26 January 2012

cathedral windows

This is my favorite project of 2011. A pillow. A cathedral windows pillow. A pillow made with my sister.


My sister came out for a '4 day weekend' - a gift from her husband - over Easter weekend 2011. (She says it was more like a 6 day weekend, but I'm not counting the 2 traveling days.) It was the best 4 days ever. We made projects. Four lovely days of trips to the fabric store, cutting, sewing, changing plans part way through projects, more fabric shopping, ironing, burning fingers on the iron, talking, shopping, a little bit of running, and lots of fun.  We even finished all of the projects we started. (okay, we talked about more projects - but 'talked about projects' don't count.)

I'll have to post the HUGE swim bag she made. But this post is about the cathedral windows pillow. B and I have fallen in love with this pattern. We found a couple of tutorials on-line. Some looked hard, some looked a little less hard, and none of them felt right. Then B found it. A tutorial written by an engineer. 'Charming Windows' tutorial on Moda Bake Shop. Engineers appreciate tutorials written by other engineers.  It tells you where you have to be perfect, and where you can be a little less than perfect - with beautiful results.

We started out with 20 10.5" squares of white fabric and started ironing.  Two hours later, we had squares - and a couple of owie fingers.  (Yes, it really does take 2 hours to fold and iron the squares.  Afterwards, we rewarded ourselves with slushies, popcorn, and a girl movie.)



The squares were sewed together - 9 squares per pillow. (We had two extras to choose between.) Now we had to pick the fabric.
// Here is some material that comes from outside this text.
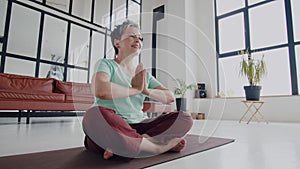 Old woman make yoga exercise at home. Mature woman have meditation. Put hands together and smile. Start the day with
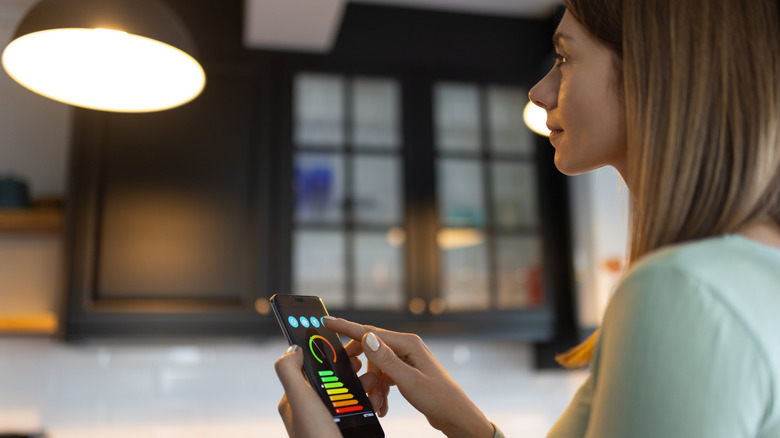 person turning off smart light on phone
I had some charm packs of Kate Spain's 'Central Park' and Sanae's 'Arcadia'. We decided to go with 'Arcadia' and picked 12 fabrics.    B is way better at picking fabrics, so I just followed her lead.  Here's B's pillow laid out.


My pillow. 

We traded off pinning fabric in place and sewing.

Full windows are sewn.

1/2 windows added and sewn.

At this point we visited every fabric store and debated what fabric to use for the boarder and backing.  We tried every color combination that we could find that was contained in the fabrics.  Orange, yellow, greens, blues, browns.  Solids and prints.  We disliked all of them and hated a few. :)  Then we tried Kona charcoal.  I have no idea why the charcoal works.  There is no grey/charcoal in the prints.  The charcoal just works. 


The back has a zipper flap.  Tutorial found from 'House on Hill Road' zipper in your pillow tutorial.
It takes careful reading, but it works perfectly!

A beautiful pillow from a pretty perfect weekend.

2 comments:

  1. looks awesome!!!
    the weekend sounds great!
    I don't think I will ever have the talent or time to make such a pillow!!! I have a new appreciation for such projects - good job!!!!

    ReplyDelete
  2. I just had to laugh a little.... You're so careful not to have names anywhere, then there's the running widget on the side with your name right there.... :) Have a great day!